Some items, such as Cash and Accounts Receivable, are combined into one account.

4.

An account has a left, or credit side, and a right, or debit side.

5.

A simple form of an account consisting of just the account title, the left side, and the right side, is called a T account.

Instructions

Identify each statement as true or false. If false, indicate how to correct the statement.

E2-2

Selected transactions for M. Anderson, an interior decorator, in her first month of business, are as follows.

Jan. 2

Invested $10,000 cash in business.

3

Purchased used car for $4,000 cash for use in business.

9

Purchased supplies on account for $500.

11

Billed customers $2,100 for services performed.

16

Paid $350 cash for advertising.

20

Received $700 cash from customers billed on January 11.

23

Paid creditor $300 cash on balance owed.

28

Withdrew $1,000 cash for personal use by owner.

Instructions

For each transaction, indicate the following.

a.

The basic type of account debited and credited (asset, liability, owner's equity).

b.

The specific account debited and credited (cash, rent expense, service revenue, etc.).

c.

Whether the specific account is increased or decreased.

d.

The normal balance of the specific account.

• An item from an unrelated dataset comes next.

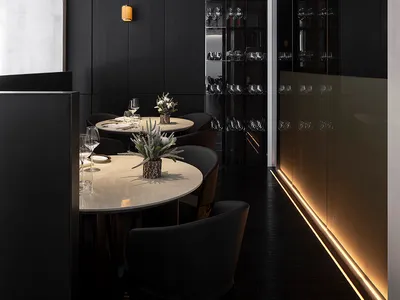 Modern dining room with black metallic wall featuring round tables and chairs, illuminated by subtle ambient lighting.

Use the following format, in which the January 2 transaction is given as an example.

Account Debited

Account Credited

(a)

(b)

(c)

(d)

(a)

(b)

(c)

(d)

Date

Basic Type

Specific Account

Effect

Normal Balance

Basic Type

Specific Account

Effect

Normal Balance

Jan. 2

Asset

Cash

Increase

Debit

Owner's Equity

Owner's Capital

Increase

Credit

E2-7

Analyze transactions and journalize.

Beekman Enterprises had the following selected transactions.

1.

Jo Beekman invested $4,000 cash in the business.

2.

Paid office rent of $950.

3.

Performed consulting services and billed a client $5,200.

4.

Jo Beekman withdrew $750 cash for personal use.

Instructions

(a)

Indicate the effect each transaction has on the accounting equation (), using plus and minus signs.

(b)

Journalize each transaction. (Omit explanations.)

E2-12

Prepare journal entries and post using standard account form.

Selected transactions for Roberta Garza Company during its first month in business are presented below.

Sept. 1

Invested $10,000 cash in the business.

5

Purchased equipment for $12,000 paying $4,000 in cash and the balance on account.

25

Paid $3,000 cash on balance owed for equipment.

30

Withdrew $700 cash for personal use.

Garza's chart of accounts shows: No. 101 Cash, No. 157 Equipment, No. 201 Accounts Payable, No. 301 Owner's Capital, and No. 306 Owner's Drawings.

Instructions

(a)

Journalize the transactions on page J1 of the journal. (Omit explanations.)

(b)

Post the transactions using the standard account form.

P2-1A

Journalize a series of transactions.

Frontier Park was started on April 1 by H. Hillenmeyer. The following selected events and transactions occurred during April.

Apr. 1

Hillenmeyer invested $35,000 cash in the business.

4

Purchased land costing $27,000 for cash.

8

Incurred advertising expense of $1,800 on account.

11

Paid salaries to employees $1,500.

12

Hired park manager at a salary of $4,000 per month, effective May 1.

13

Paid $1,650 cash for a one-year insurance policy.

17

Withdrew $1,000 cash for personal use.

20

Received $6,800 in cash for admission fees.

25

Sold 100 coupon books for $25 each. Each book contains 10 coupons that entitle the holder to one admission to the park.

30

Received $8,900 in cash admission fees.

30

Paid $900 on balance owed for advertising incurred on April 8.

Hillenmeyer uses the following accounts: Cash, Prepaid Insurance, Land, Accounts Payable, Unearned Service Revenue, Owner's Capital, Owner's Drawings, Service Revenue, Advertising Expense, and Salaries and Wages Expense.

Instructions

Journalize the April transactions.

P2-2A

Journalize transactions, post, and prepare a trial balance.

Desiree Clark is a licensed CPA. During the first month of operations of her business, the following events and transactions occurred.

May 1

Clark invested $20,000 cash in her business.

2

Hired a secretary-receptionist at a salary of $2,000 per month.

3

Purchased $2,500 of supplies on account from Read Supply Company.

7

Paid office rent of $900 cash for the month.

11

Completed a tax assignment and billed client $3,200 for services provided.

12

Received $3,500 advance on a management consulting engagement.

17

Received cash of $1,200 for services completed for C. Desmond Co.

31

Paid secretary-receptionist $2,000 salary for the month.

31

Paid 60% of balance due Read Supply Company.

Desiree uses the following chart of accounts: No. 101 Cash, No. 112 Accounts Receivable, No. 126 Supplies, No. 201 Accounts Payable, No. 209 Unearned Service Revenue, No. 301 Owner's Capital, No. 400 Service Revenue, No. 726 Salaries and Wages Expense, and No. 729 Rent Expense.

Instructions

(a)

Journalize the transactions.

Trial balance totals $28,900

(b)

Post to the ledger accounts.

(c)

Prepare a trial balance on May 31, 2012.